日本百名山、花の百名山にも選ばれる名峰・金峰山。富士山や八ヶ岳を見渡せる山頂からの大展望や、山のシンボルとして存在感抜群の巨岩・五丈岩、まるでアルプスの高山のような特殊な植生など、書ききれないほどたくさんの魅力を持ち、奥秩父の中でも特に人気を集める山として知られています。

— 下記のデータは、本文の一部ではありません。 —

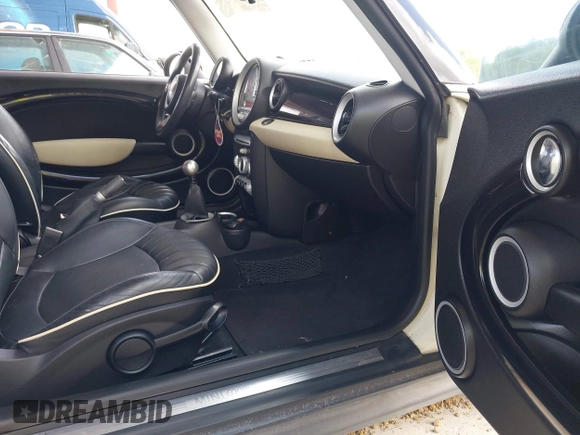 2007 MINI Hardtop with VIN WMWMF33557TL67653, listed as a IAAI auction lot 42581219 with 147,115 mi miles and . Bid and sale history available at DreamBid. Image 5.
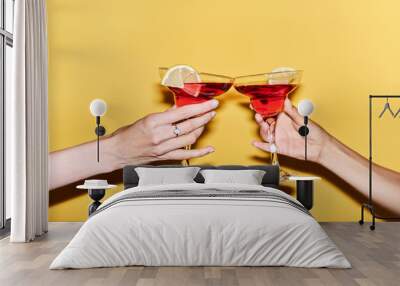 Close up of two female hands holding red cocktails against vibrant yellow background, copy space Wall mural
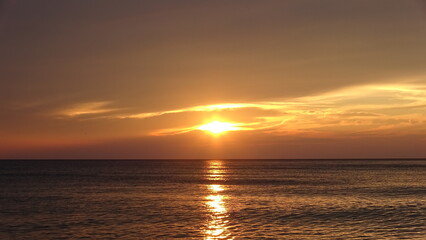 Fototapeta premium Brilliant Golden Sunrise Reflecting on Ocean Waves. Intense golden sunlight piercing through dark clouds at sunrise, creating a sparkling sun trail across the rippling sea surface.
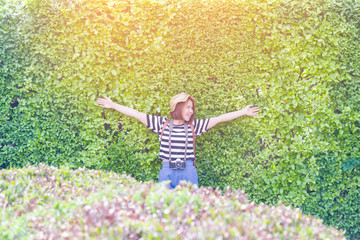 Cheerful happy hipster girl in the garden morning in sunlight,Smiling girl in the garden
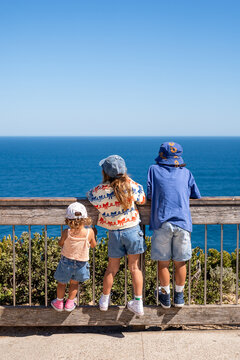 Sibling looking out the ocean on a beatiful day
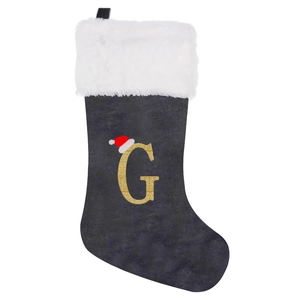 Close-up of grey velvet Christmas stocking with golden glitter G and faux fur trim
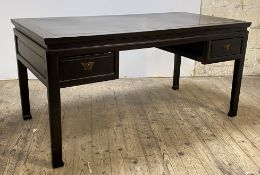 A Chinese style black lacquered writing table, the panelled top over two drawers, raised on square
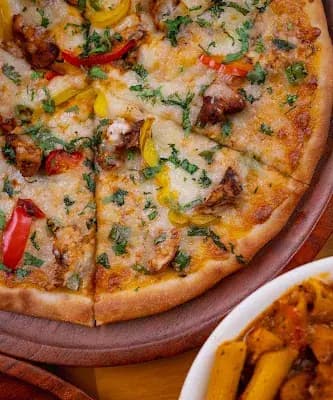 US Pizza | Magnum Mall, Payyanur logo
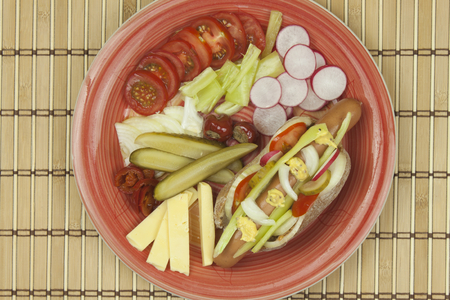 Domestic hotdog with vegetables fast food preparation at home.の写真素材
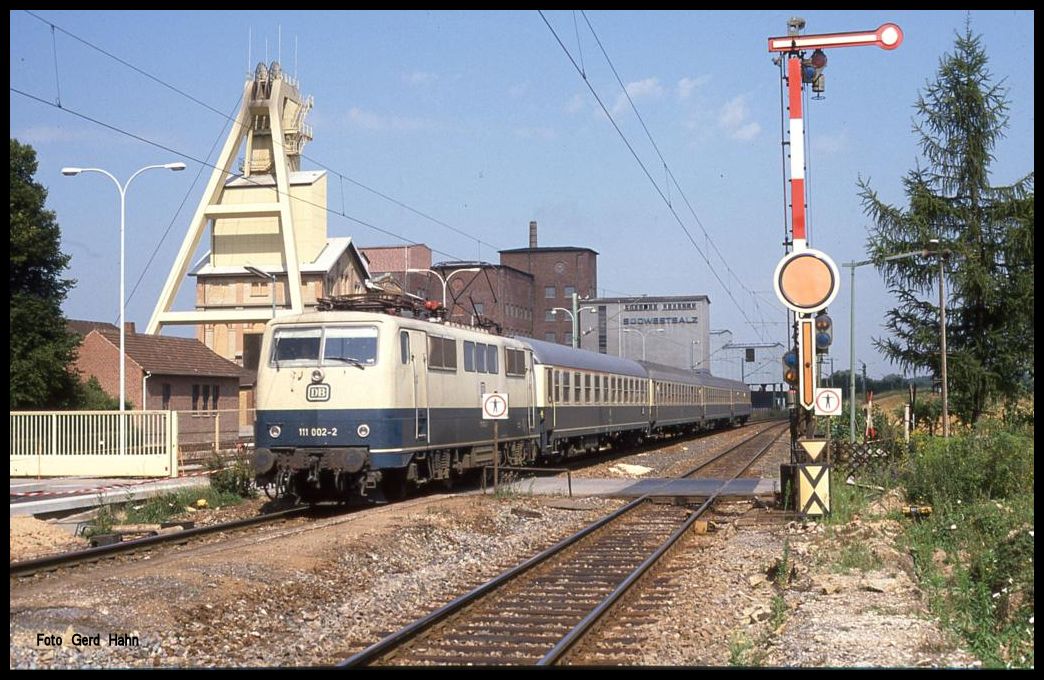111002 mit E 3052 nach Heilbronn am 15.8.1989 um 11.23 Uhr vor der Kulisse des Salzbergwerks in Bad Friedrichshall Kochendorf.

 登山ルートとしては、西の瑞牆山(みずがきやま)方面から登るか、東の大弛峠から、はたまた北の小川山方面からの3つの主要ルートがあり、体力レベルに合わせて選べることも人気の一因となっています。しかし、じつは金峰山の南面にも、今ではほぼ歩かれていない幻の古道が存在することはあまり知られていません。

■忘れられつつある参詣の道「御嶽道(みたけみち)」

美しい森歩きも、この道の魅力の一つ

 金峰山は、古くから山岳信仰の対象として登られてきた山です。山頂の五丈岩は山麓にある金櫻神社の本宮とされており(たまに岩に登っている人を見かけますがダメですよ!)、かつては多くの山伏や修験者たちが参詣していました。その際に、彼らが歩いた道は現在の主要3ルートのいずれでもありません。じつは、南面に神社から山頂へと繋がる表参道とでも呼ぶべきルート「御嶽道(みたけみち)」が存在します。

 現在も通行することは可能で、道中には水晶の採掘が行われていた水晶峠や、片手廻し岩をはじめとする神秘的な岩々など見どころも多く、静かな山歩きを楽しめる登りごたえ抜群のルートです。しかし、主要ルートよりも標高差や行動時間が長いことや登山口までのアクセスがネックとなり、今や忘れられつつある古道となっています。